In the first act Queen mother, Mimoza Koike, all in gold with beautiful extensions impresses the audience and the prince, Stephan Bourgond; lyrical on top and modern on the bottom seems to fit every bit of the physique and character of a prince Siegfried.
The first Waltz has a lot going on stage much like the original Ballet, except there is a lot more playful necking between the dancers. The big surprise happens when Von Rothbart appears as her Majesty the Night, a female dancer called Maude Sabourin, carried in by two strong men, posing as her Archangels.
Miss Sabourin’s presence, with her expressive face, very lean and muscular body excites the audience with her impeccable technique, gorgeous pors de bras (arm movements), beautiful lines and high arches. Sabourin has a black swan daughter, April Ball, who tries to seduce not only the prince but also the king, Alvaro Prieto, suggesting the idea that the king may have had an affaire with her Majesty of the Night. The white swan, Anja Behrend, is introduced as their captive; only this swan has eccentric feather gloves and a comfortable feathery dress instead of just a white tutu.
The first black swan theme is now a full floor with colorful couples dancing. Some of the lifts, dips and twirls remind of ballroom moves. The prince is not being seduced by brides like in the original but by Maillot’s fantasies of what a woman can be: the vain one, Lisa Hamalainen, the false, indifferent one, Noelani Pantastico and the voracious woman, Gaelle Riou. Charming are the libertines, Anjara Ballesteros and Anne-Laure Seillan, seducing the prince with their variation. Hand gestures are very untraditional. Dancers are pointing fingers, grabbing, pas de trois are suddenly 2 gentlemen and one lady, male dancers are partnering each other and one may even spot a gentleman grabbing a ladies chest playfully. Is it scandalous and provocative for Swan Lake? Yes, but it is all part of Maillot’s choreography and grand plan.
Act two, usually the blue act and on the shores of a lake where white swans fill the stage in geometric fashion is now a mix of black and white swans in the forest trying to. The movements, although very modern are in sink and every bit swan-like.
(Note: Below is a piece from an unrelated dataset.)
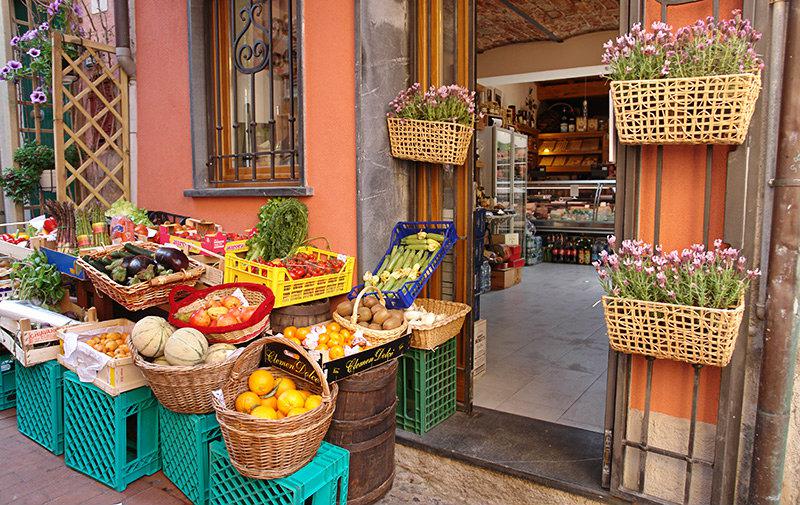 A market with fresh fruits and vegetables in Lerici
The costumes here no longer white tutus. The ladies of the corps de ballet are reduced to feathers around their waists seemingly like out of a Las Vegas show.
The loving pas de deux between the prince, Stephan Bourgond and the white swan, Anja Behrend in Maillot’s version is the most gorgeous grand pas one has seen in a long time. The way the two soloists explore the first lover’s touch and settle into their romance is magnetic and electrifying. Interesting too is that Maillot’s white swan turns into a woman at night, symbolizing the duality of a woman.
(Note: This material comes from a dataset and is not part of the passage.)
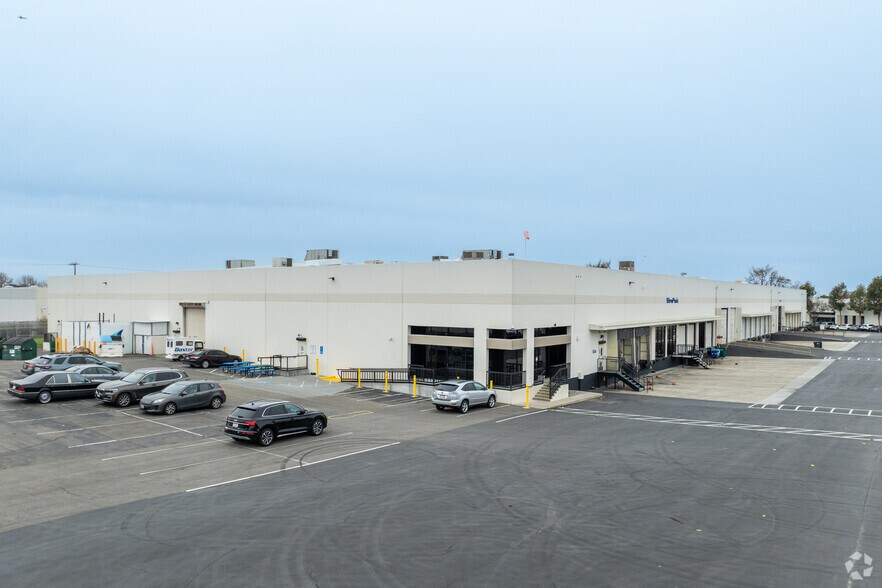 More Photos Of 21053-21075 Alexander Ct, Hayward Warehouse For Lease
Act three reveals a lover’s haste. The drama unravels as the prince joyfully marries who he thinks is the white swan. As her majesty of the night appears with the real white woman-bird, one can sense the mistake and heartache about to happen as the black swan is being revealed as the bride.
As usual the ballet has a dramatic and beautiful ending and Maillot ends his ballet by dropping a beautiful black piece of fabric into the center of his scenery which lets the audience know that this ballet may be all but a creator’s fantasy but that there is hope for joy and love not only in fairytales but also in real life.